AB Imagina. Fui recusada muitas vezes. Muitas. Eu Sou a Lenda foi só um de vários testes que eu tinha feito em Los Angeles. O Rodrigo [Santoro] passou pelas mesmas coisas.
MC Por exemplo.
AB Ah, tantos... Olha, fui para os Estados Unidos promover o Cidade Baixa [2005, de Sérgio Machado, no qual fez uma prostituta, elogiada pela crítica internacional] e estudar inglês. Enquanto isso, ia fazendo vários testes. E não passei em nenhum. Sabe, é como ir a uma entrevista de um trabalho que você adoraria executar e ser rejeitado. É isso muitas vezes em um mês. Nosso trabalho é esse, não tem cotidiano, é passar no teste e ganhar ou não passar e não ganhar nada.

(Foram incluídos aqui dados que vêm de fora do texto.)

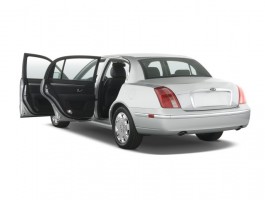 2008 Kia Amanti 4-door Sedan Open Doors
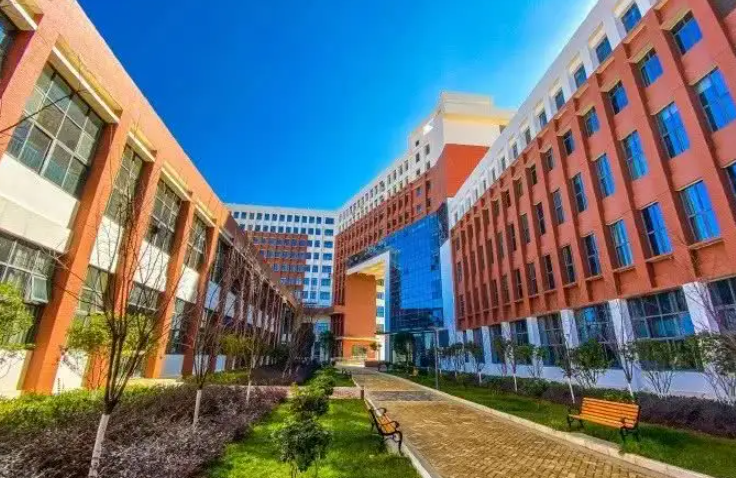 昆明医科大学是几本院校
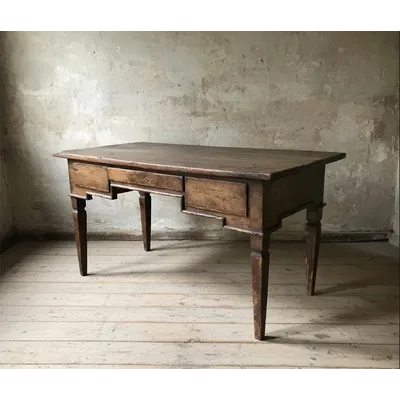 Louis XVI-style desk with drawers – Late 18th century (circa 1780–1790)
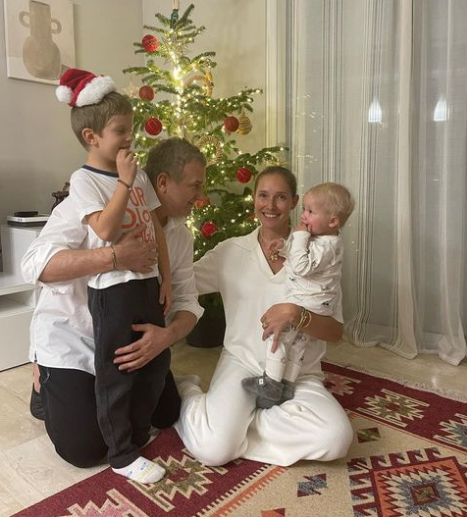 Катя Осадчая и Юрий Горбунов с сыновьями Катя Осадчая и Юрий Горбунов с сыновьями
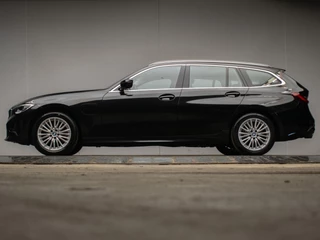 BMW 3-serie Touring 320e M Sport (PANORAMADAK,APPLE CARPLAY,NAVI,SFEERVERLICHTING,STOELVERWARMING,CAMERA,LEDER,CRUISE,CLIMATE)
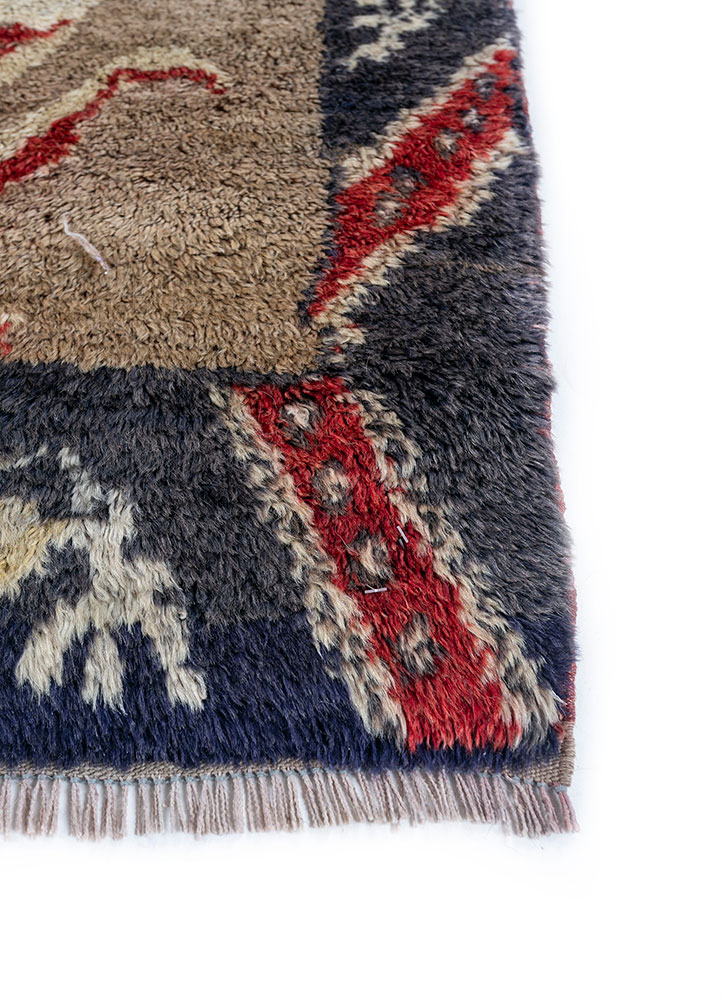 zuri beige and brown wool hand knotted Rug - Corner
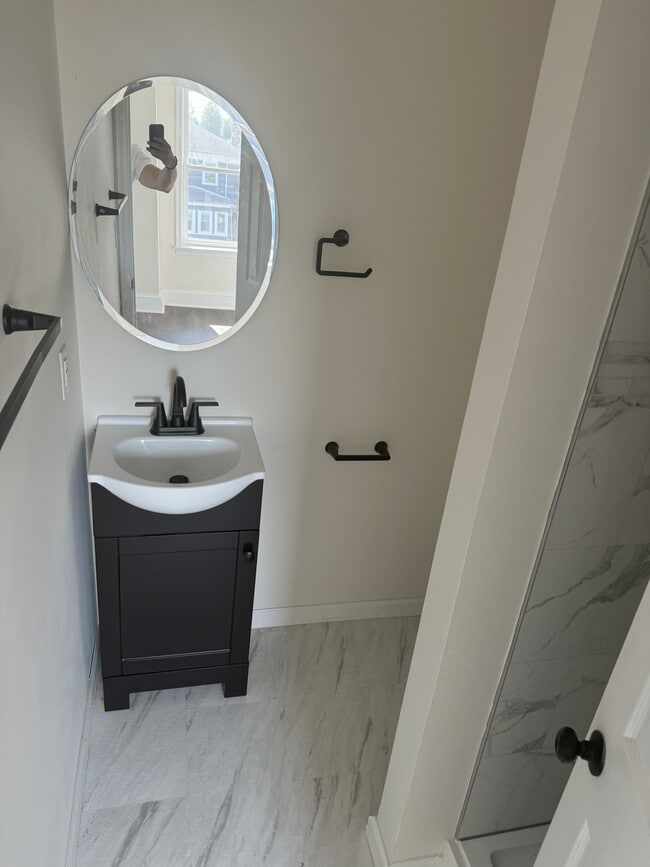 Building Photo - 106 N 9th St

MC Não é duro demais lidar com tanta rejeição? Porque a gente só fica sabendo das aprovações.
AB Duro demais. Tem sempre tanta gente tentando um mesmo papel que o normal é ser rejeitado. A rejeição existe em qualquer tipo de trabalho, mas no nosso é muito fácil levar para o lado pessoal. Mas o desafio é entender por que você não foi bem e como pode melhorar.
MC Tem um papel que doeu mais perder?
AB The Dead Girl [2006, com Toni Collette, de O Casamento de Muriel e que não foi lançado no Brasil], um filme independente. Passei no primeiro teste e daí é foda porque a expectativa cresce. Esse doeu.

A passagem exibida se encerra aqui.